##### EXERCISE DATA #####

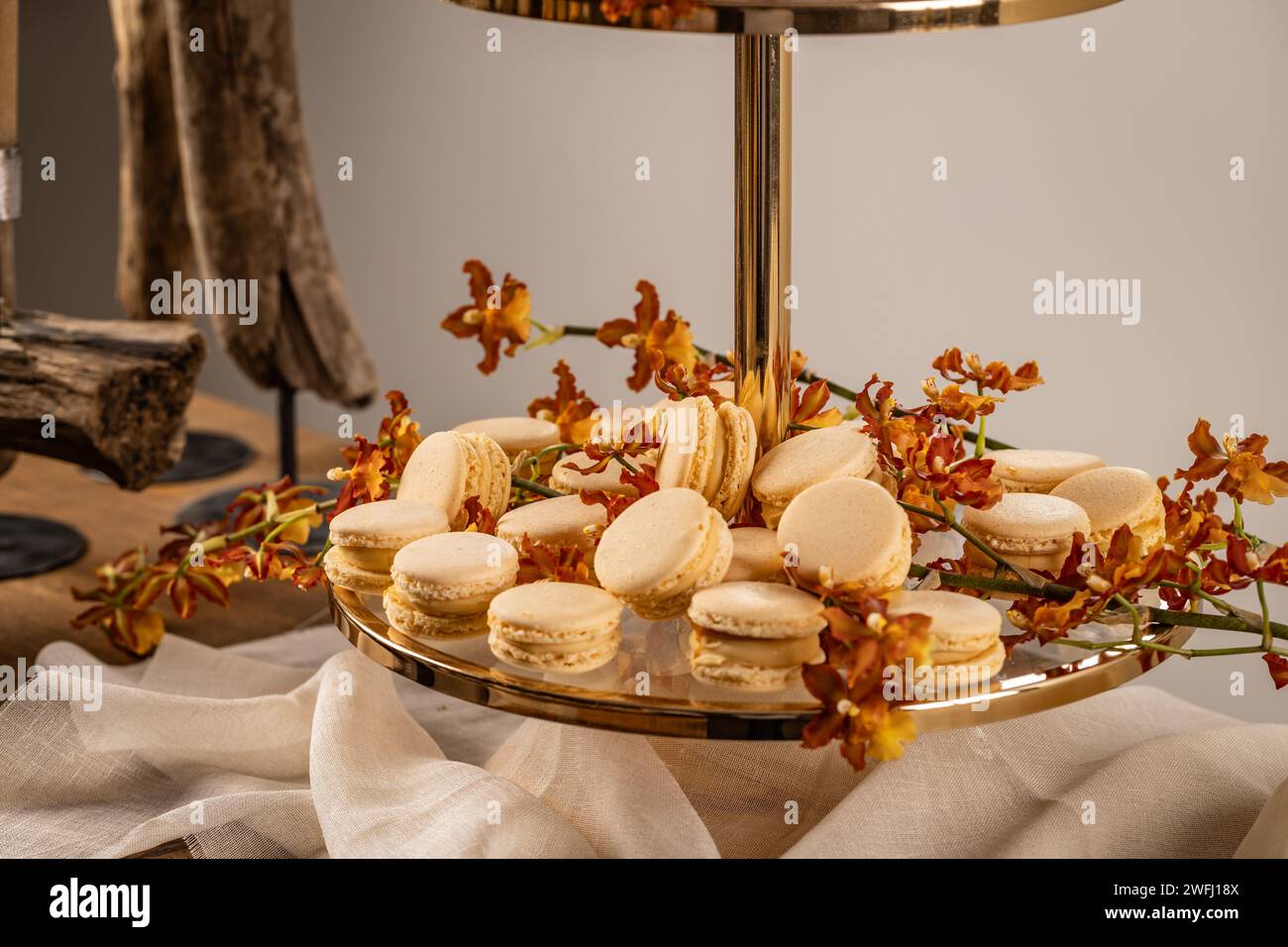 Sweet pastel colored macarons on festive table Stock Photo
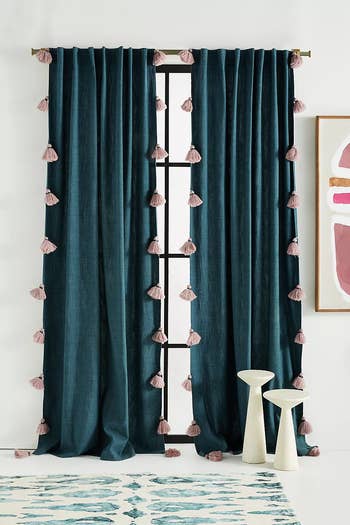 navy blue curtains with pink tassel trim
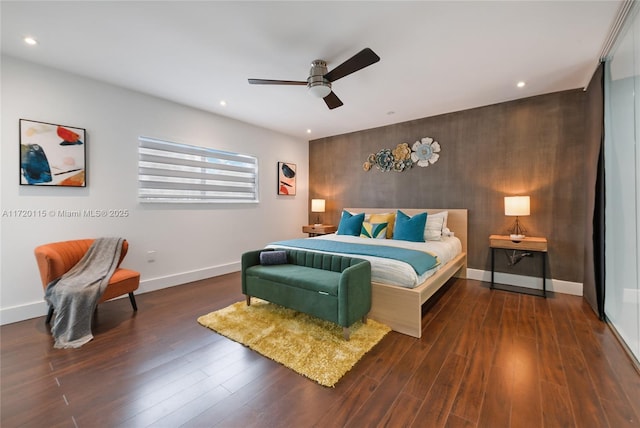 bedroom featuring ceiling fan and dark wood-type flooring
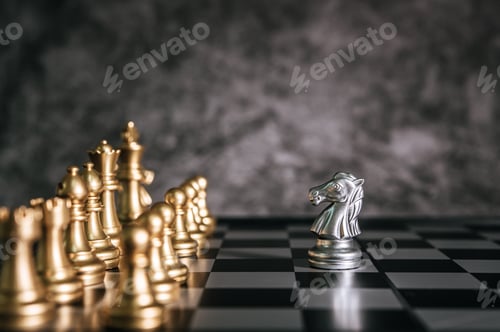 Preview: Gold and Silver Chess on chess board game for business metaphor leadership concept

#####

## [BRIEF]
Leaving the pictures out, copy exactly the lines from the line that contains "navy blue curtains with pink tassel trim" to the last line of the data, both ends included.

## [WRITTEN ANSWER]
 navy blue curtains with pink tassel trim
 bedroom featuring ceiling fan and dark wood-type flooring
 Preview: Gold and Silver Chess on chess board game for business metaphor leadership concept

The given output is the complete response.